Маэдрос только тряхнул огненной гривой, и ничего не ответил.
— Опомнись, брат! — ещё два голоса, одинаковые, как две звенящих чистых ноты. — Он — зло!
Нельофинве всё-таки замедлил шаг. Обернулся через плечо — с горечью и болью. Хлестнул, как бичом, усталый голос:
— А кто тогда мы, Младший? Убийцы, клятвопреступники…
И — мёртвая тишина в ответ. Холодной позёмкой — болезненный озноб по рядам. Опускают глаза, отворачиваются. Как — возразить? Молчат — убийцы, не в силах оправдаться. Молчат те, кто пали от их рук: не найдётся сейчас среди перворождённых того, кому достанет мужества упрекнуть, нанести ещё один удар в незажившую рану.
И лишь один находит в себе силы, чтобы возвысить голос над страшным молчанием:
— Нельо, прошу, одумайся! Вспомни, из-за кого ты потерял руку!
Лишь теперь ровный шаг Нельофинве, наконец, сбивается. Вздрагивают плечи. Молчат в недоумении воины Гортхауэра: рады бы сказать, что на лице огненноволосого эльфа появляется страх — но нет. И гнев — яростный, исступлённый — на белом, процвётшим злым румянцем лице, кажется лишь незначительной деталью, оправой для иного, мучительно-острого чувства.

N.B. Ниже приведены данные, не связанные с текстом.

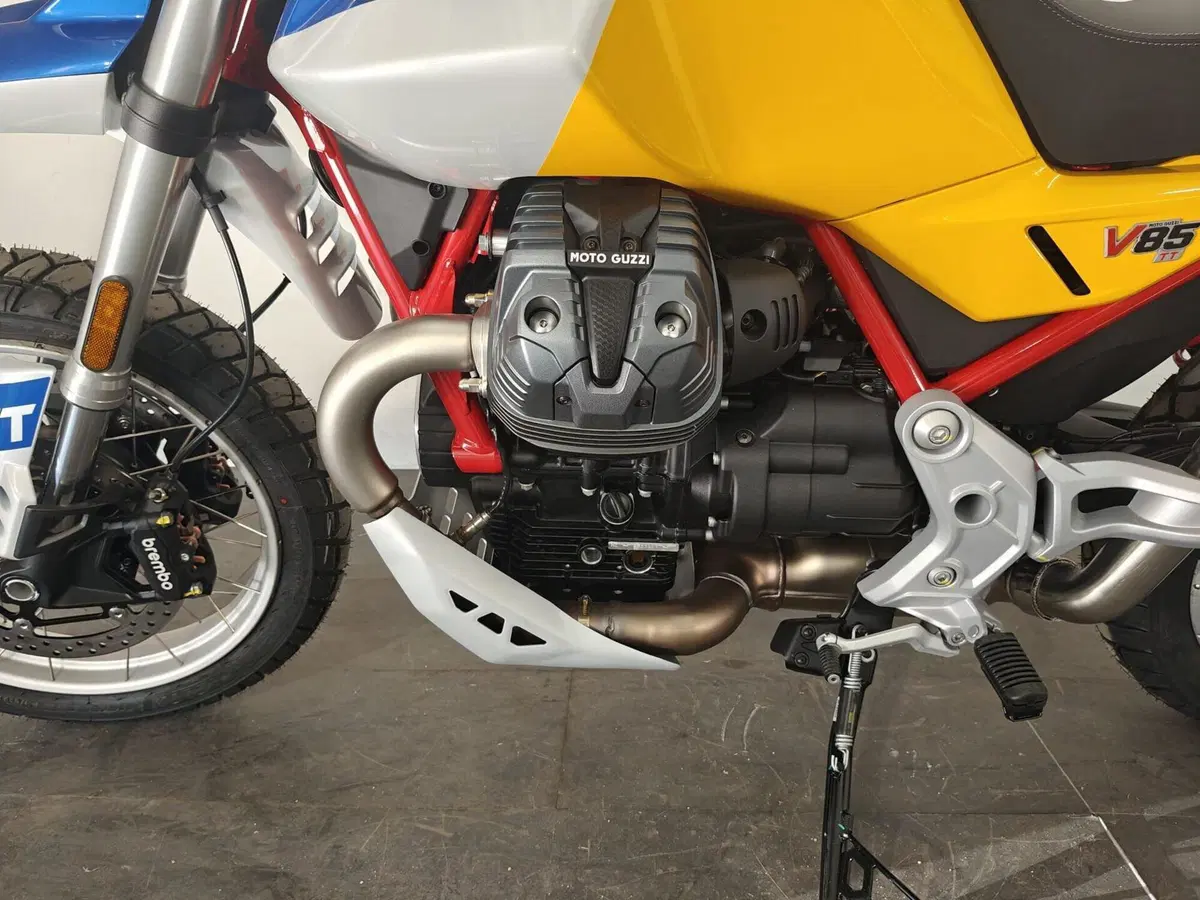 Moto Guzzi V85 TT (2024 - 26) (2)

— Я — помню, — тяжёлые слова глухим звоном падают в тишину. И, спустя мучительно-бесконечную паузу, едва слышно, так, что не каждому понять — было ли, померещилось ли — слетает следом тихое: — Именно поэтому я — с ним…
И — печаль и понимание на лице Врага:
— Значит, ты всё-таки простил?..
А в зелёных глазах плещется обжигающая ярость, и ненависть спорит с разъедающим душу стыдом.
— Нет! Не простил, но исправить, что могу — постараюсь.
И услышавшим этот странный разговор вдруг кажется: оба говорят о своём, и каждый — об одном и том же.
Мелькор, Ортхэннэр, возвращение
Ему — знает он — отпущено даже меньше, чем большинству смертных. Сколько сможет выдерживать его тело напор Силы, неподвластной Воплощённым? Десять лет? Пять?
…Он задаёт вопрос сам себе, не ожидая ответа — но в тот же миг чувствует — видит — его. Меньше. Намного меньше. Возможно, год. Возможно… Нет, об этом думать нельзя. Он успеет. Должен успеть.
Обязан.
Мелькор, Ортхэннэр, спасение из ловушки, «ломай аир» (???)
— Нет, Элвир, — резко проговорил Мелькор, останавливая шагнувшего вперёд Короля-Надежду. — Нет, ты останешься здесь. За Ортхэннэром пойду я.
…— Элвир, — тихо проговорил Мелькор, глядя в переполненные мукой глаза цвета сон-травы. — Он мой Ученик. Это мой долг — спасать его.